Last month, I listened to my former colleagues on Slate’s “Political Gabfest” podcast discuss Nikki Haley after she declared her run for president. John Dickerson, also of CBS News, explained that in a pre-Donald Trump world, you could make a strong case about Haley’s credentials for the job:
She comes from an important primary state. She has experience as a governor. She did well by the standards of the Republican Party as governor of South Carolina in terms of regulations and taxes. [She has] executive branch experience as ambassador to the U.N. She’s got a foreign policy piece — that’s, you know, that’s a pretty good place to start if you’re a Republican in the old days.
But now, because the Republican Party continues to orbit the rogue planet of Trump, Dickerson explains, the path of a more traditional candidate is more complicated. “If you want this turf, you’ve got to grab it,” he said, but “that’s not her inclination.” Or as the journalist Rosie Gray has observed, Haley “probably isn’t the kind of candidate who can get through a Republican presidential primary. Shrewd as she has been, she can’t plausibly reinvent herself as a 2023 outrage merchant.”
I was thinking about this when I saw Axios report this week that Trump is considering a female running mate and that he “sees Kari Lake as a model for his vice-presidential pick, according to people who discussed the topic with him.” Lake, you’ll recall, is a former TV anchor who’s never held elective office and who ran for governor of Arizona in 2022. She lost, and has spent months contesting the election results without evidence to back her claims of voter fraud. My colleague Michael Bender described her as “a polished and ruthless communicator,” when he interviewed Lake in February.

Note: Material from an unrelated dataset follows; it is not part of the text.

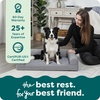image:imageFurhaven Orthopedic Dog Bed for Large Dogs w Removable Bolsters amp Washable Cover For Dogs Up to 95 lbs  Plush amp Suede Sofa  Almondine JumboXLGray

She told him: “Here’s your headline: Kari Lake is on the warpath.”
Haley and Lake represent the principal archetypes for contemporary political candidates — Haley relies on her track record, Lake is all bombast. Historically, the handful of women who’ve been credible candidates for national or statewide executive office occupied the former lane. Think: Hillary Clinton, Kamala Harris, Elizabeth Warren, Susana Martinez. (I didn’t realize just how few women had ever been governors; 49 in all of American history.)
For some women of color, there can be even fewer models of executive office success. For instance, there have been Black female lieutenant governors, but as The Times’s Jazmine Ulloa reported this week in an article headlined, “More Black Women Run for Office, but Prospects Fade the Higher They Go,” no state has had a Black female governor. While Harris broke several glass ceilings as the first female, Black and Asian American vice president, she is, according to a recent Times analysis, “struggling to carve out a lane for herself,” and many doubt her prospects as a future leader of the country.

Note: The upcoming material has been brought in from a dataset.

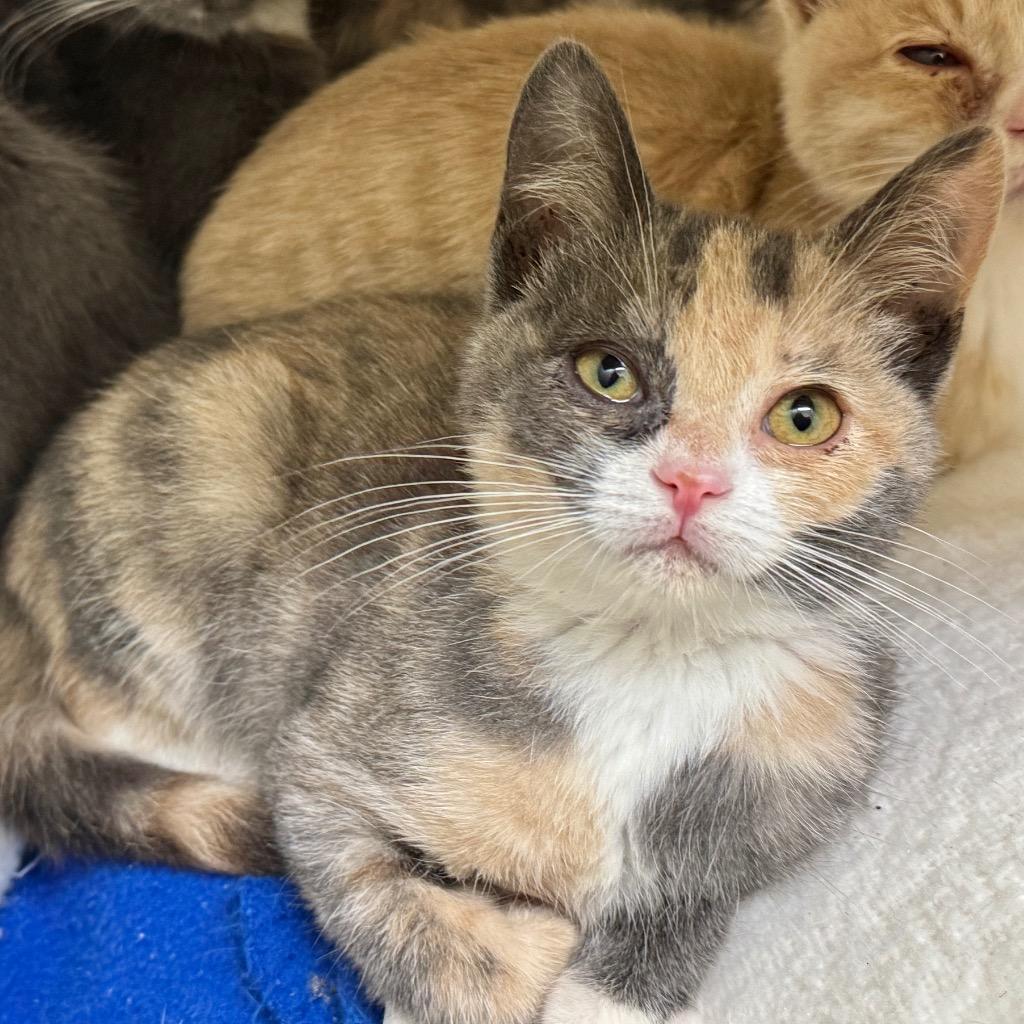 Enlarge Rina, a Adoptable mixed breed in Cambria, CA image 1/1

Running in the charisma lane — Sarah Palin’s rise is a good example — doesn’t seem to work as well for women running nationally, because they can more easily be dismissed as unserious. Palin had more political experience than Trump or Lake when she ran for vice president, but it’s also noteworthy that several years after she resigned as governor of Alaska, she couldn’t even win a congressional race in her home state, despite once having been quite popular there, and having been, by many accounts, a precursor to Trump. (To be clear: In my ideal world, neither Palin nor Trump nor Lake would get anywhere near the White House — not again, at least. And while I think Haley’s résumé is solid, we’re not remotely ideologically aligned. But we don’t live in my ideal world, we live in a world where our former president publicly declares, “I am your retribution,” like a video game villain and his supporters cheer.)
If the experience lane is blocked for women, too, however, there’s nowhere for them to run.

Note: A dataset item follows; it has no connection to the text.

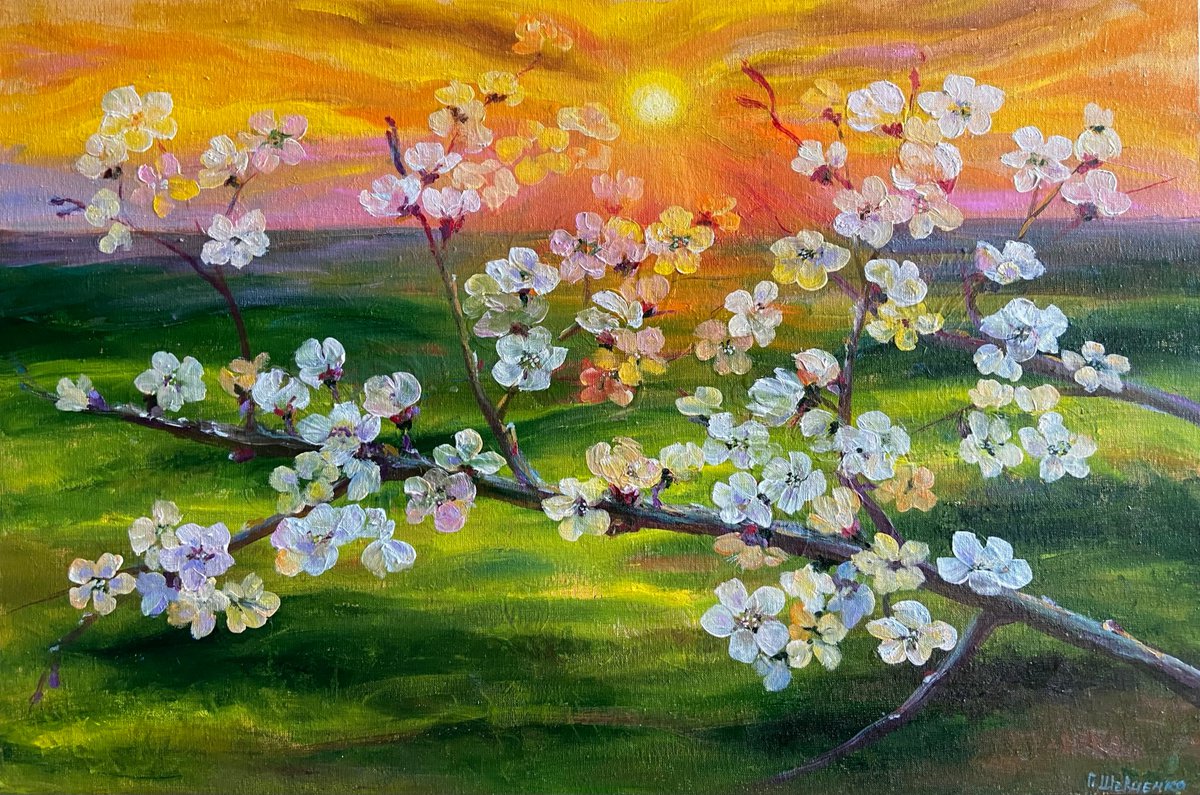 Impressionistic Landscape Oil Painting By Galyna Shevchencko, 24 X 16, Blooming Apricot, Original Artwork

I ran this theory by Jennifer Lawless, a professor of politics and public policy at the University of Virginia. She told me that while she doesn’t disagree with the premise, we might not even have enough inexperienced female candidates running to know whether pure charisma works for them. “The perception among female candidates is that they need to be more qualified, but there’s not much evidence that voters are holding them to a higher bar. At the same time, voters are not frequently presented with unqualified female candidates,” she told me over the phone.
Over two decades of research, Lawless has found that at this point, female candidates perform just as well as male candidates in terms of winning elections and raising money. Where they’re still far behind is in what she calls “political ambition,” or the desire to run for office. Since 2001, Lawless has been polling citizens “with the four professional backgrounds most common among elected officials (law, business, education and politics),” and found that the gender gap in political ambition has actually grown by two percentage points since the early aughts: In 2001, 59 percent of these men considered running for office, compared to 43 percent of women. In 2021, the percentage of men remained at 59 percent but the percentage of women dropped to 41 percent.
“Women aren’t only less likely than men to have considered running for office,” write Lawless and her colleague, the political scientist Richard Fox. “They are also less likely to express any interest in a candidacy at some point down the road.” Interestingly, the gender gap in political ambition is about the same for white women and women of color.
Another gender gap emerges in terms of women seeing themselves as qualified. According Lawless and Fox:
The women and men we surveyed are matched in their professional backgrounds and credentials. They also have comparable experiences raising money and organizing people in the community — two essential tasks for any candidate. Yet 72 percent of men, but only 48 percent of women, rate themselves as “qualified” or “very qualified” to run for office. Women are more than three times as likely as men to say they’re “not at all qualified” to run.
There may also be female candidates who mute some aspect of their authentic selves because they’re afraid it might be a liability for them on the national stage, Lawless said. She gave the example of Senator Bernie Sanders, whose rumpled grumpiness is sui generis, has broad appeal and probably wouldn’t work for a woman. As she put it: “Men run as who they are, and women think of themselves as a type they have to be.”
I used to be fairly confident there would be a female president in my lifetime, but after witnessing the contortions that national candidates have tried to make in order to appeal to the varied American electorate, I’m somewhat less optimistic.
For the past quarter-century, Lawless said, there’s been “this willingness to say there are women out there who could check all the boxes, and then for whatever reason, they never seem to.” A phenomenon the writer Jessica Valenti once described as: “I’ll Vote for a Woman, Just Not That Woman.”